Ovazione anche per Florenzi, fascia al braccio per la sua rinascita. Riparte da un gol scaccia paure, sblocca l’amichevole dal dischetto con un destro all’angolino che non lascia scampo alla vecchia conoscenza giallorossa Arthur. Ha il sorriso dei tempi migliori e i compagni vanno a turno ad abbracciarlo. Le sensazioni sono buone e, dopo la panchina motivazionale di fine agosto, il numero 24 ha superato la prova del campo ed è pronto per Di Francesco, che a modo suo fa notizia nei 90’ dedicati alla solidarietà: si parte con una difesa a tre con Ciavattini, Jesus e Castan, Florenzi dà una mano dietro ma di fatto fa l’esterno di centrocampo per 76 minuti. Un segnale importante per il futuro: è un jolly che può cambiare la Roma, renderla più malleabile dal punto di vista tattico. Il «vecchio» capitano non è stato dimenticato dalla curva, i gruppi della Sud hanno risposto presente all’evento organizzato per beneficenza e hanno omaggiato Totti con il coro che era un vero e proprio ritornello quando faceva il calciatore.
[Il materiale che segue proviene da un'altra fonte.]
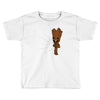 hidden groot [converted] Toddler T-shirt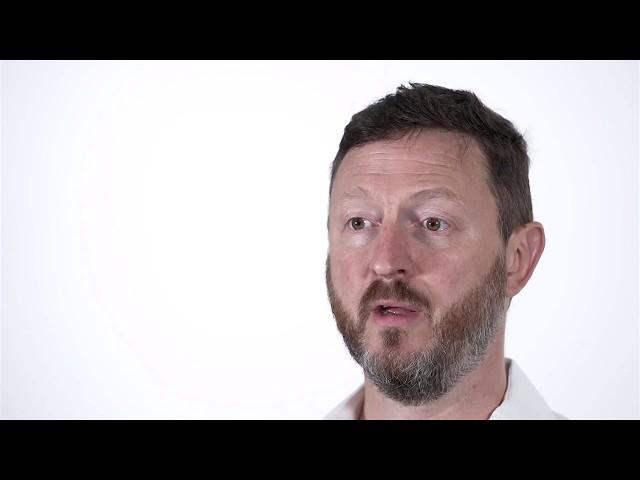 PPSS Group CEO, Robert Kaiser, attending Australian Warrior Expo 2018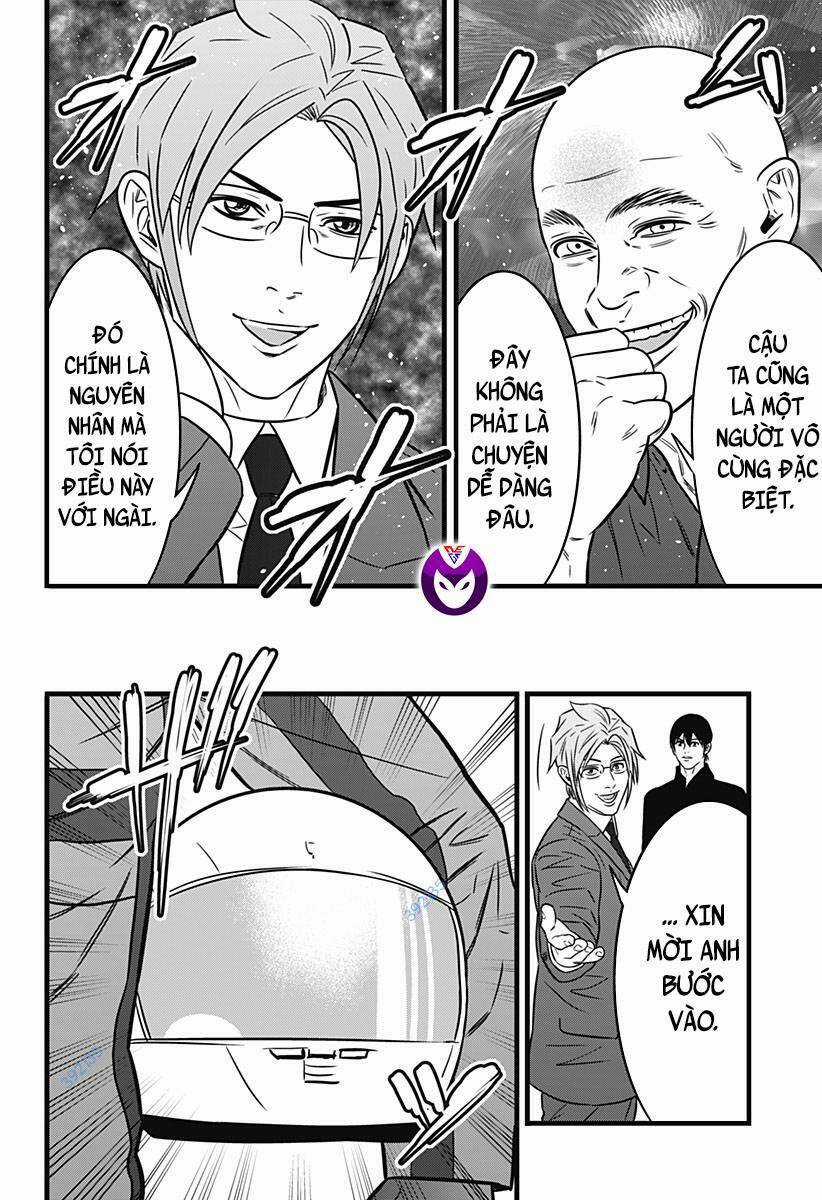 Slave Game Chapter 143 trang 15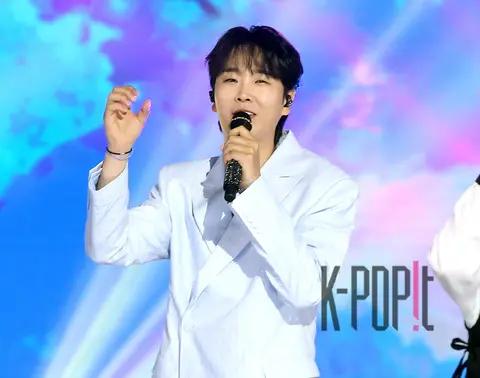 Song Min-jun — The Trot Show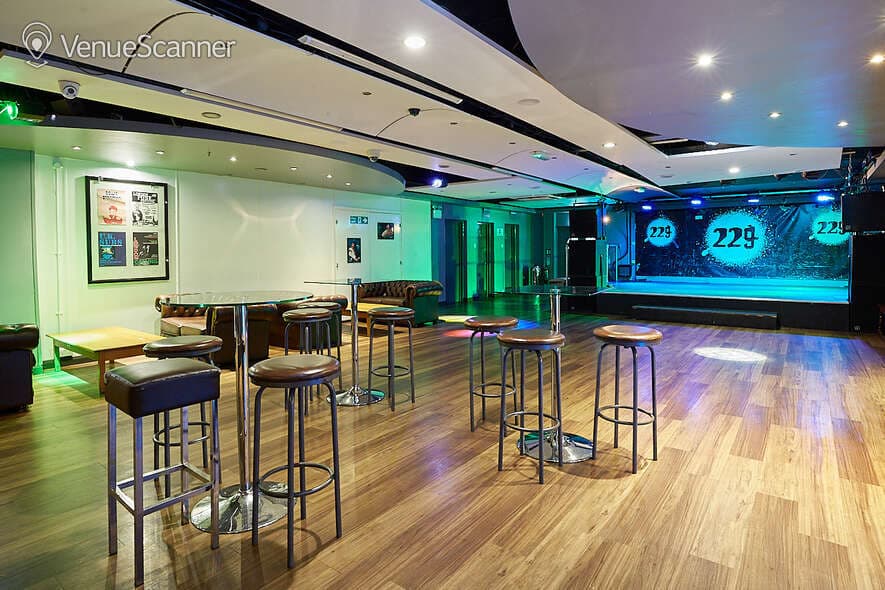 ISH Venues photo #3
Sono passati meno di 4 mesi dall’addio al calcio e da quel Roma-Genoa Francesco non aveva più messo piede in campo. L’ha fatto ieri, vestito da dirigente, e ha salutato i suoi tifosi mentre i ricordi gli tornavano in testa. Ha ritirato il dono della Chapecoense, una maglia col numero 10 (ad Aldair la 6), e poi si è accomodato in tribuna tra la sindaca Raggi e Baldissoni. «Il calcio – ha detto il dg – è una piattaforma sociale potentissima. Di fronte a una tragedia umana ci siamo sentiti in dovere di allungare una mano». Con le 10mila presenze sono stati raccolti 140 mila euro destinati alla squadra ospite. I giocatori sono scesi in campo mischiati, #todosjuntosancor prima di cominciare. Non c’è Schick tra gli undici titolari, la forma non è al top, ma la giustificazione ce l’ha: non ha giocato con la Samp aspettando la Roma. Defrel può fare allora la punta, affiancato da Antonucci. Tra i cori vintage della curva (contro Lazio e Juve in particolare) va a segno al 28’ Florenzi, Perotti raddoppia dribblando il portiere e mettendo in rete sul cross di Gerson, poi Antonucci fa tris dal dischetto e poker a porta vuota. Sul penalty di Ruschel i tifosi brasiliani si scatenano: «Vamos Chape». Al 67’ tocca a Schick, benvenuto della Sud e pestone di un avversario: solo una botta. Si muove bene su tutto il fronte offensivo, per i gol c’è tempo. L’importante nello spirito di ieri sera era esserci, tutti uniti.